Interplay of synergy and redundancy in diamond motif

TL;DR

This paper uses partial information decomposition to analyze synergy and redundancy in biochemical network motifs, revealing how these information components influence high-fidelity signal transmission.

Contribution

It applies the net synergy metric to a diamond motif and its sub-motifs, providing new insights into their information processing mechanisms and the roles of network parameters.

Findings

Synergy and redundancy patterns differ between motifs.

Time scales and activation coefficients significantly affect information flow.
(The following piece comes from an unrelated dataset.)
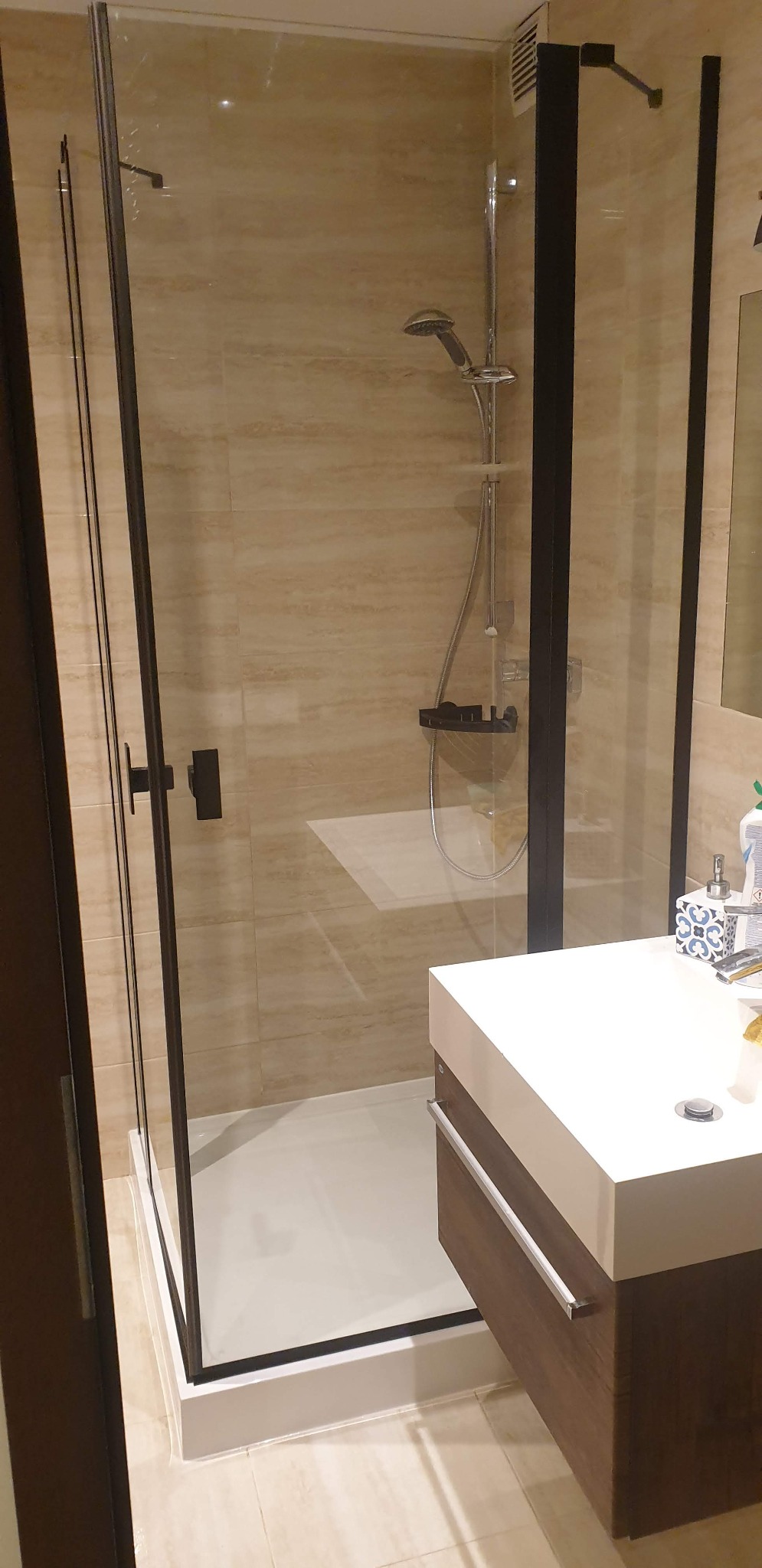 Nowoczesna kabina prysznicowa z czarną ramą i deszczownicą, beżowe płytki na ścianach, biała umywalka z szafką w kolorze drewna.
Decomposition explains the origins of synergy and redundancy.

Abstract

The formalism of partial information decomposition provides independent or non-overlapping components constituting total information content provided by a set of source variables about the target variable. These components are recognised as unique information, synergistic information and, redundant information. The metric of net synergy, conceived as the difference between synergistic and redundant information, is capable of detecting synergy, redundancy and, information independence among stochastic variables. And it can be quantified, as it is done here, using appropriate combinations of different Shannon mutual information terms. Utilisation of such a metric in network motifs with the nodes representing different biochemical species, involved in information sharing, uncovers rich store for interesting results. In the current study, we make use of this formalism to obtain a comprehensive understanding of the relative information processing mechanism in a diamond motif and two of its sub-motifs namely bifurcation and integration motif embedded within the diamond motif. The emerging patterns of synergy and redundancy and their effective contribution towards ensuring high fidelity information transmission are duly compared in the sub-motifs and independent motifs (bifurcation and integration). In this context, the crucial roles played by various time scales and activation coefficients in the network topologies are especially emphasised. We show that the origin of synergy and redundancy in information transmission can be physically justified by decomposing diamond motif into bifurcation and integration motif.